En Tokio hay de todo: calles que parecen decorados de Blade Runner, barrios dominados por rascacielos, rincones tradicionales, grandes avenidas, tiendas de todo tipo, y muchos, muchos templos, santuarios y jardines que surgen de repente cual oasis de paz, como un paréntesis necesario en la ciudad héctica. Si a todo esto le añadimos un metro lleno hasta los topes, gente que camina deprisa, cruces desbordados de peatones, galerías comerciales laberínticas, taxistas con gorra de plato y guantes blancos, neones gigantes, tribus urbanas, la dificultad del idioma, grandes tiendas de manga, de anime, de Hello Kitty o de KitKat y un estrés casi permanente, se entiende que Tokio descoloque al viajero.
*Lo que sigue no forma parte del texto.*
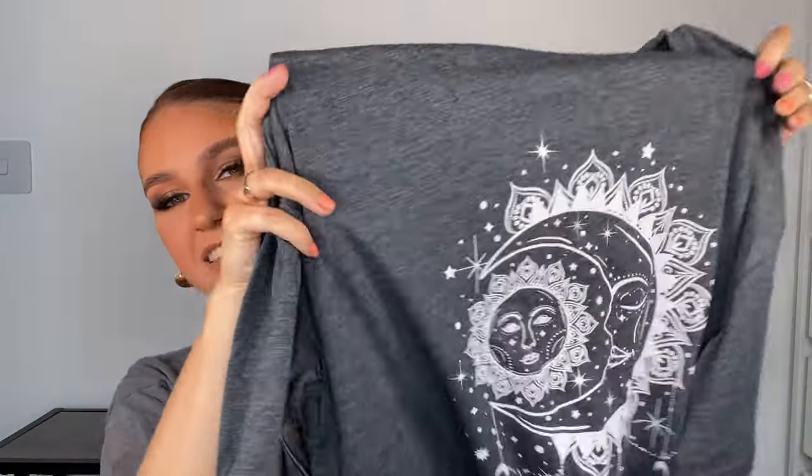The last item is just this little t-shirt — I already have one similar in brown. It's got sun and moon, spiritual vibes. I'll probably only wear it for bed because it's so oversized. I got it in a medium but it's oversized — this is why you check the reviews. Really cute, really oversized, nice thick material. I love that one.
Tokio, y Japón en general, desconciertan porque a primera vista tienes la sensación de que el país funciona como una sociedad occidental; y aunque es cierto que en muchos aspectos es así, también lo es que cuenta con una identidad propia que los diferencia y, en consecuencia, lo hace mucho más interesante para el viajero. El problema es que debes poner de tu parte para comprender la complejidad de la sociedad japonesa, pues nada se te da fácilmente.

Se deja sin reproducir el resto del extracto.